So, MM stands as a remarkable approach to treating massive data volumes. It has several 
applications, such as organizing and reorganizing data, changing data characteristics, 
drawing inferences, and recognizing determined types of phenomena. In this article, we see 
Big Data as a research instrument that may potentially elicit a reconsideration of ontological 
aspects of MM. 

Following this line of thought, the present article looks into some of the most singular 
aspects of MM when phenomena that originate from Big Data are mathematically 
investigated. More specifically, we discuss MM processes in terms of pedagogical objectives, 
searching for a suitable theoretical framework for this purpose. As a means to support these 
argumentations, we discuss some examples quantitatively (Lincoln & Guba, 1985). 

Analyzing how MM processes are understood 

A review of the research by authors like Borromeu Ferri & Blum (2010) shows that a MM 
process is often seen as a sequence of predefined steps (Figure 1).
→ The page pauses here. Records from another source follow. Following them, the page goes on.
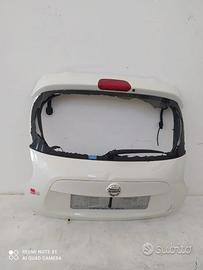 Portellone posteriore Nissan Juke 2016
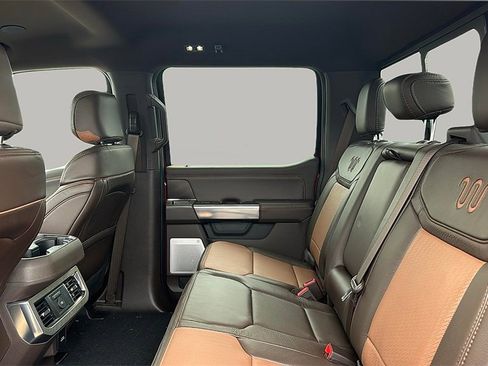 New 2025 Ford F250 King Ranch image 14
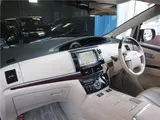 2014 Toyota Estima Hybrid G Black Van for sale, Japanese used car export - photo 23 of 80 | GULJI TRADERS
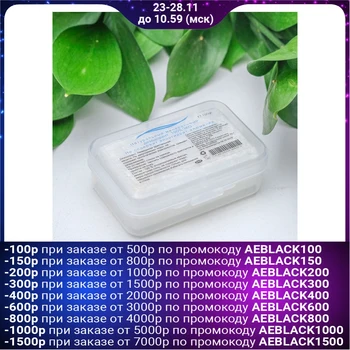 

Mineral deodorant "Soap dish" Alu Stick, 100 g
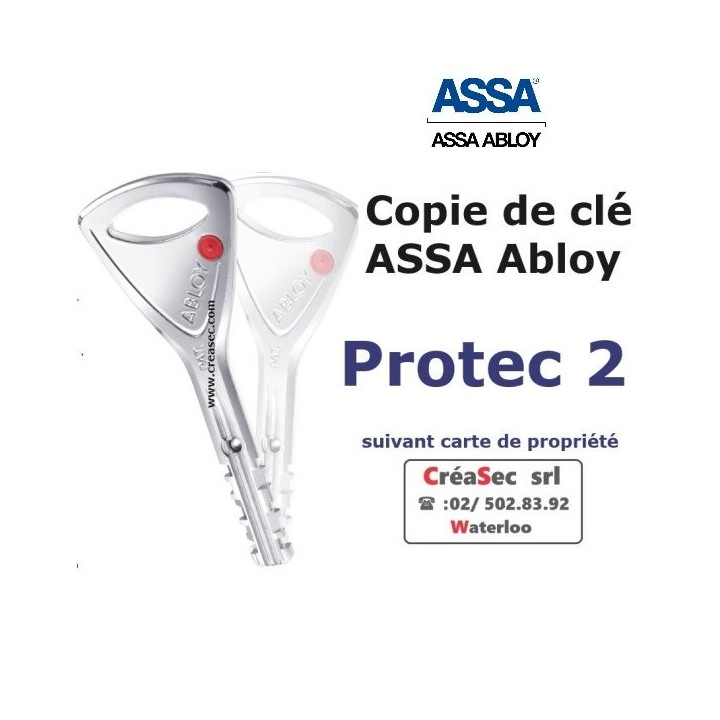 Abloy protect 2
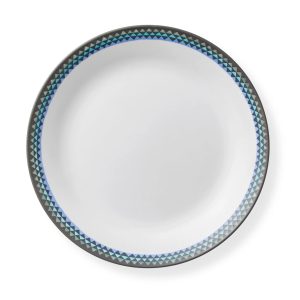 Corelle Dinnerware- Lightweight Veranda 10.25?? Dinner Plate
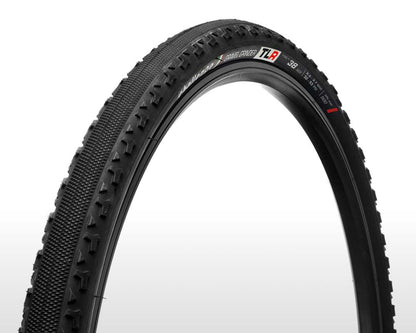 gravel bike tires 38mm Challenge Gravel Grinder Race Tire - 700 x 33 | Tubeless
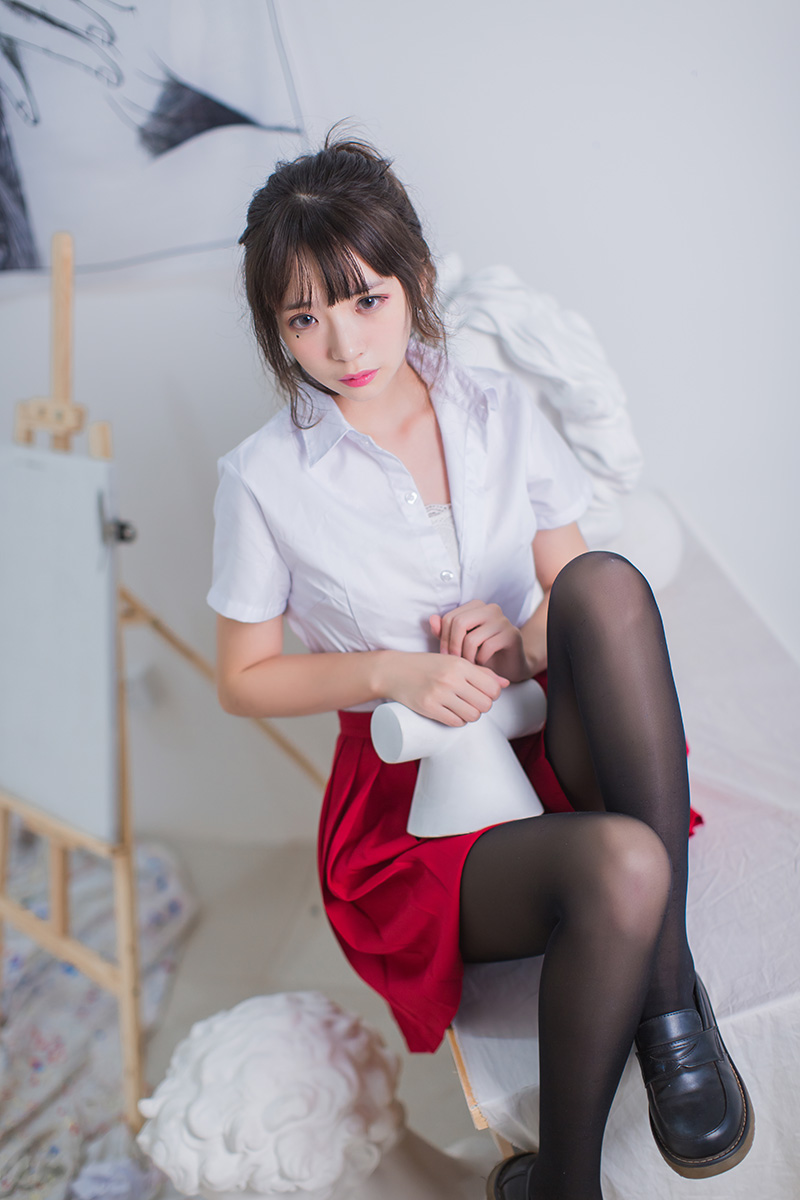 喵糖映画 VOL.319 [23P]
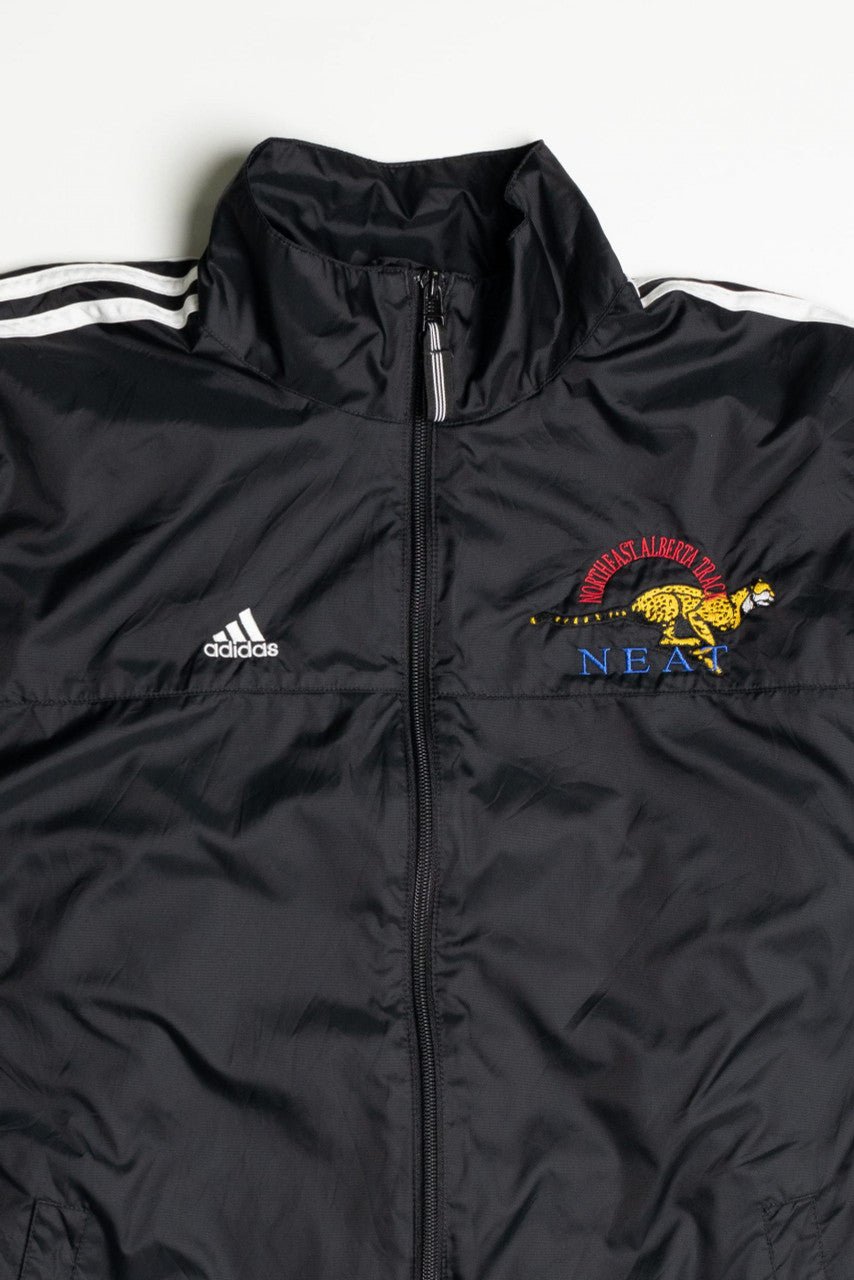 Adidas Lightweight Jacket 4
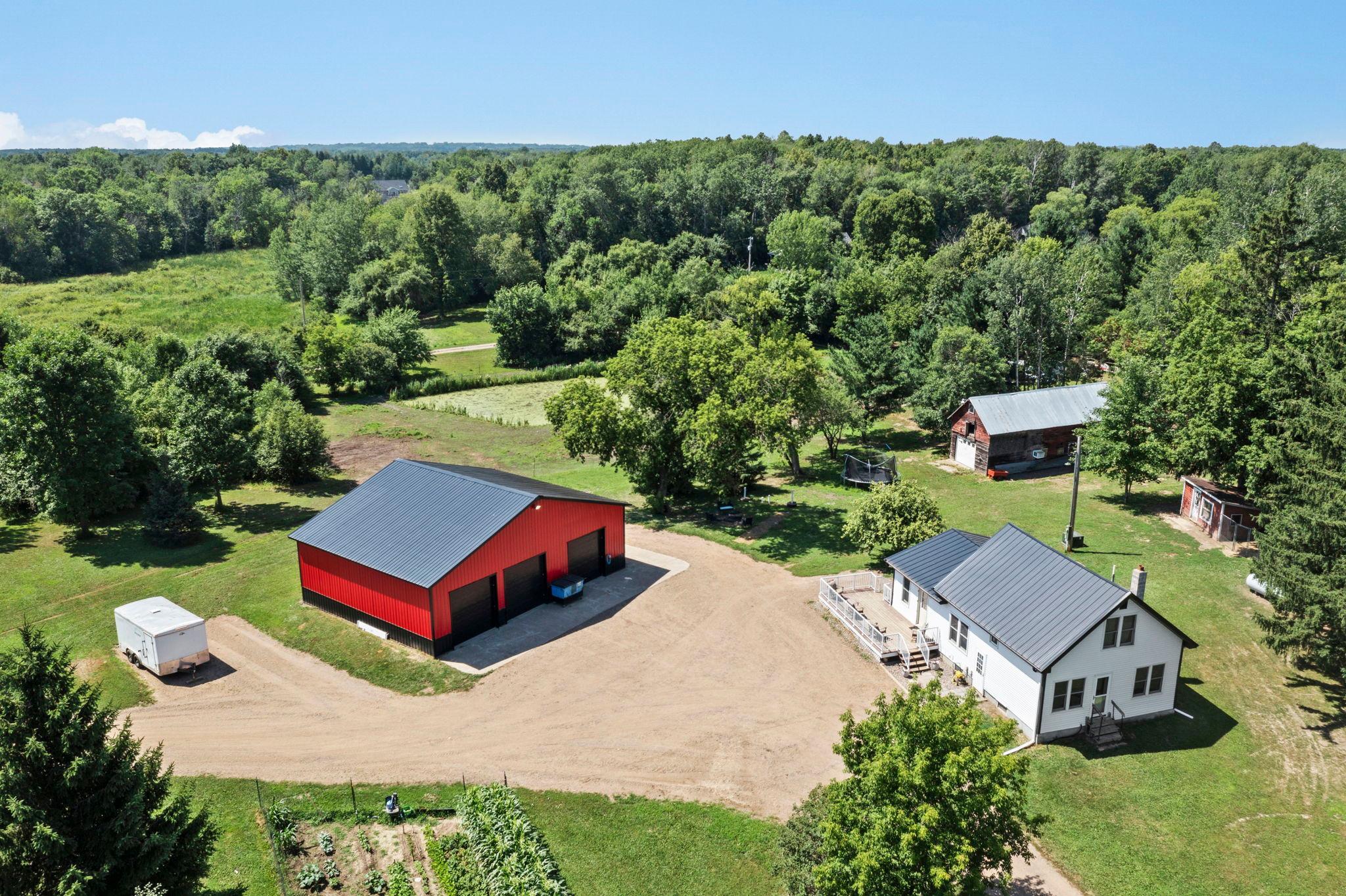 1st image of 42550 Cedarcrest Trl, Harris, MN 55032 | MLS# 7109942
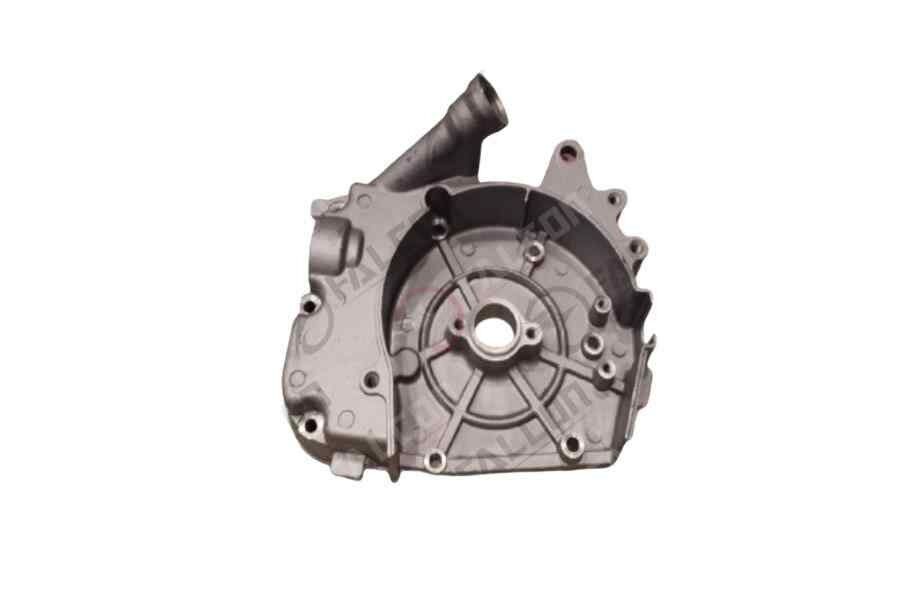 Falcon Yağ Dolum Karteri-Quıck 50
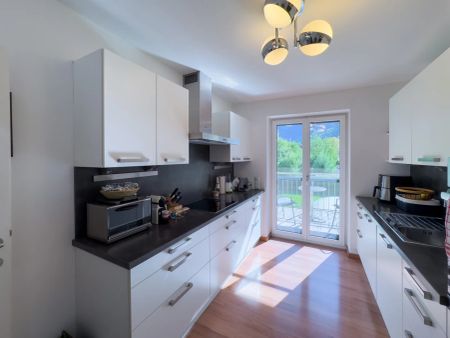 3-ZIMMER-HAUSETAGE MIT SONNENTERRASSE + BALKON - Photo 3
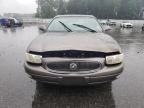 Lot #2960111030 2001 BUICK LESABRE CU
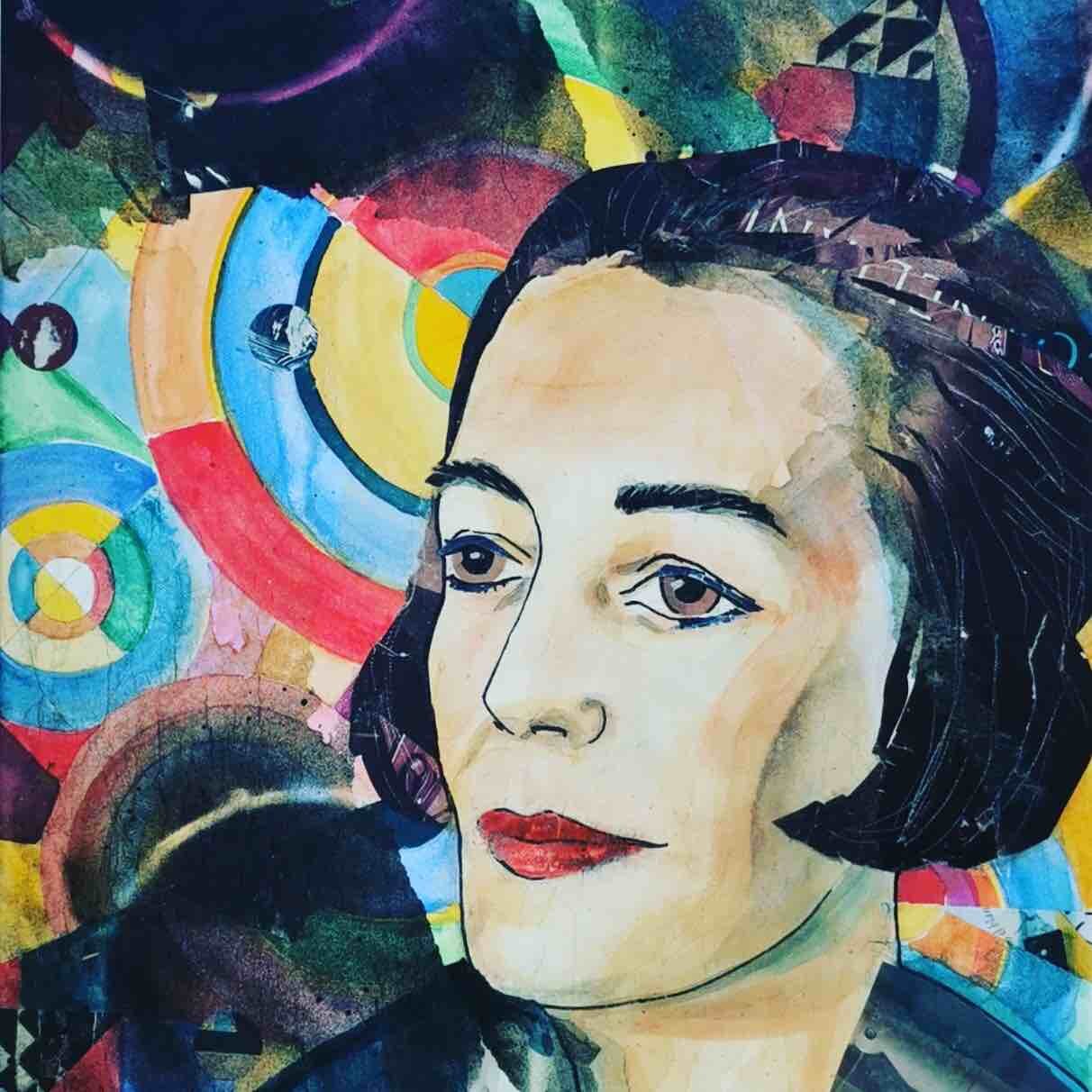 Sonia Delaunay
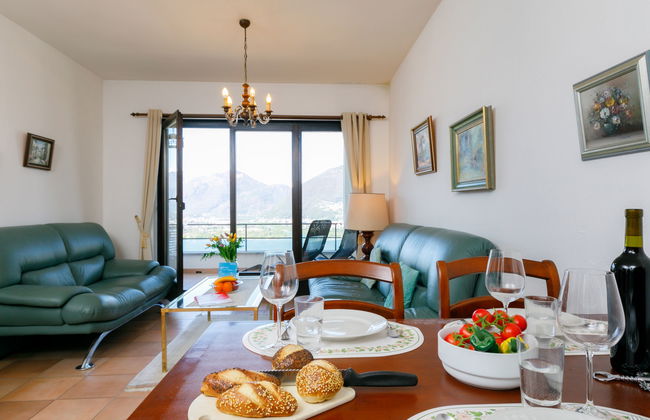 Residenza Miralago Apt. B16 - Foto 2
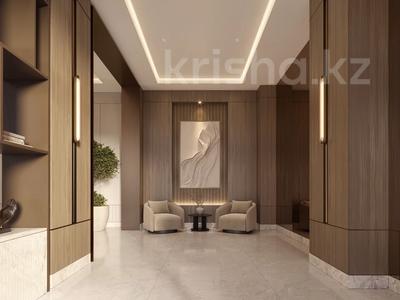 1-комнатная квартира · 37.91 м², Турар Рыскулова 18/6 за ~ 41.4 млн ₸ в Астане, Есильский р-н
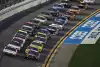 Bild zum Inhalt: NASCAR 2020: Die Längen der Stages für alle Cup-Rennen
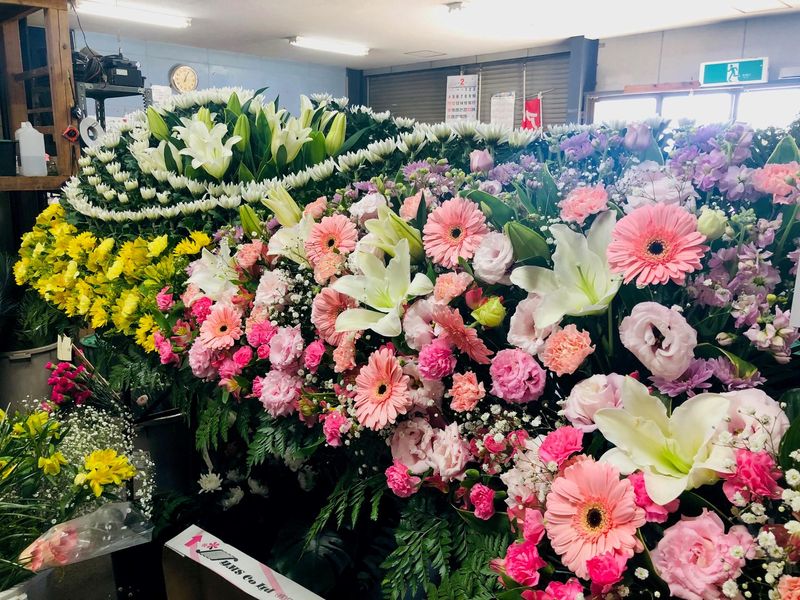 有限会社 花裕生花店のアルバイト・バイト求人情報-02
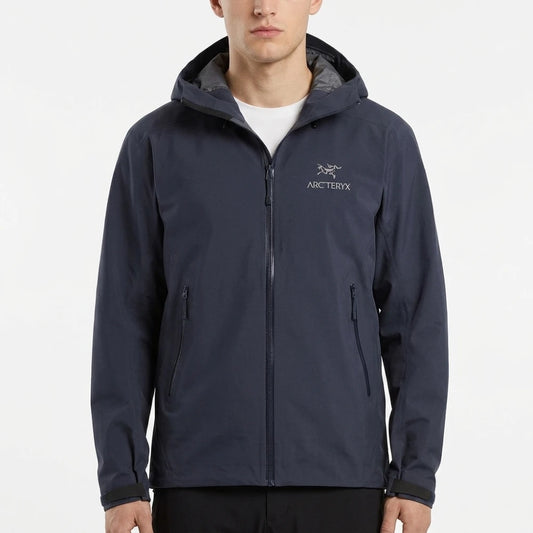 Arc'teryx Beta LT Hooded Softshell Jacket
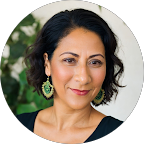 Anastasia - Upsoul Client and Service Business Owner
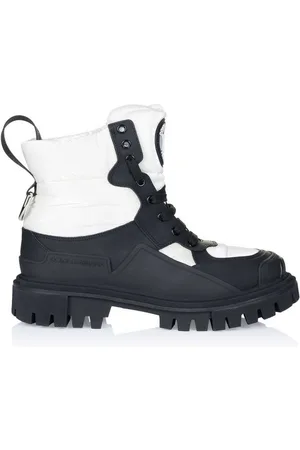 Dolce & Gabbana Stiefel Snowboots - Verkäufer: FASHIONESTA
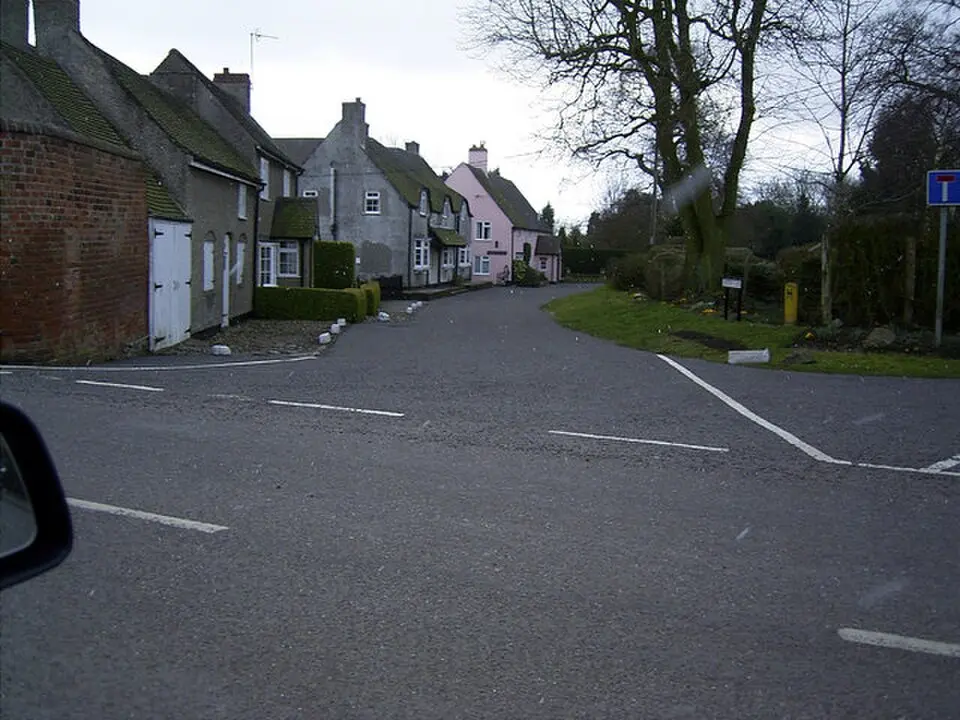 Odstone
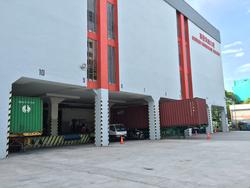 GORDON WAREHOUSE BUILDING (D14), Warehouse #113447922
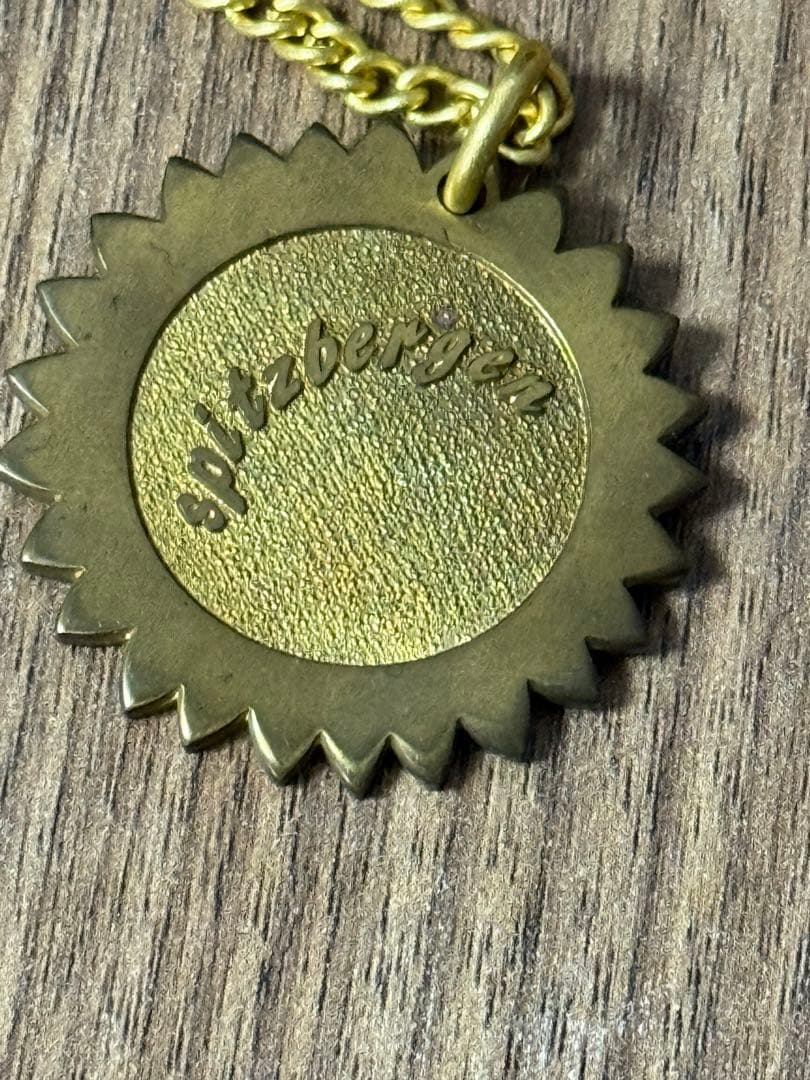 最終価格スピッツ スピッツベルゲン超初期ファンクラブ入会特典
According to these 
authors, these steps are sequentially taken as soon as the task is assigned. The first step in 
this series consists of building a model in order to figure out a situation, which is then 
simplified, structured, and idealized, when associations are made between the situation 
evaluated and mathematics. From this idealization, the structure is interpreted from the 
mathematical standpoint and mathematically treated until results are reached, which 
likewise are of mathematical nature. These results are then interpreted in light of the actual 
situation and subsequently validated. This cycle ends with the presentation of the results 
obtained. When no such results are achieved, the cycle is restarted. 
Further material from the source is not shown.